■ **Problem to work on**
Pull every line with "white" from the data.

■ **Data for review**
***

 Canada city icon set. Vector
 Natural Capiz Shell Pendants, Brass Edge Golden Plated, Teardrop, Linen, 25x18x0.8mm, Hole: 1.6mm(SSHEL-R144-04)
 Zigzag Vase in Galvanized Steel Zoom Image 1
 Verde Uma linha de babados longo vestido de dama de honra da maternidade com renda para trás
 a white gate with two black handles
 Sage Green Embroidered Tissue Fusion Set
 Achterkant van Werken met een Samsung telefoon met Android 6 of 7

***

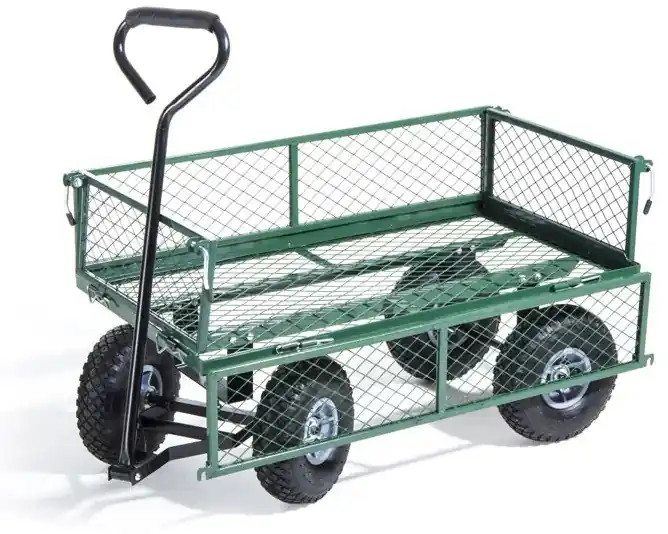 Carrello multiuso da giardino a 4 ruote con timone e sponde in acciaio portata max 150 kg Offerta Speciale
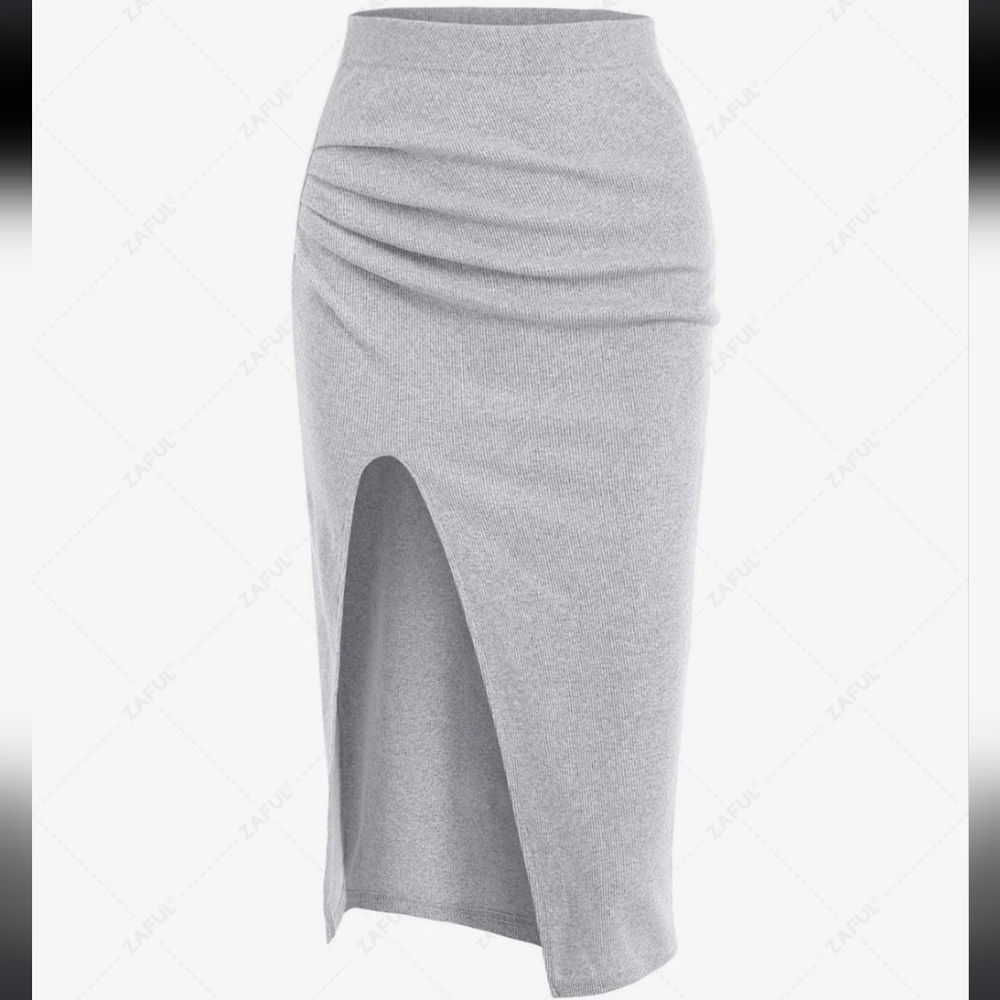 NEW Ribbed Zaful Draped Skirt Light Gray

***

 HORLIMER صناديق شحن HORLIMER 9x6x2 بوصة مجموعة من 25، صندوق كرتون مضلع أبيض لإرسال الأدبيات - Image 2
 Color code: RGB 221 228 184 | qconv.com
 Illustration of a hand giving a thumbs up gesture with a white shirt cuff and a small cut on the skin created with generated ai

***

■ **Result of this task**
 a white gate with two black handles
 Illustration of a hand giving a thumbs up gesture with a white shirt cuff and a small cut on the skin created with generated ai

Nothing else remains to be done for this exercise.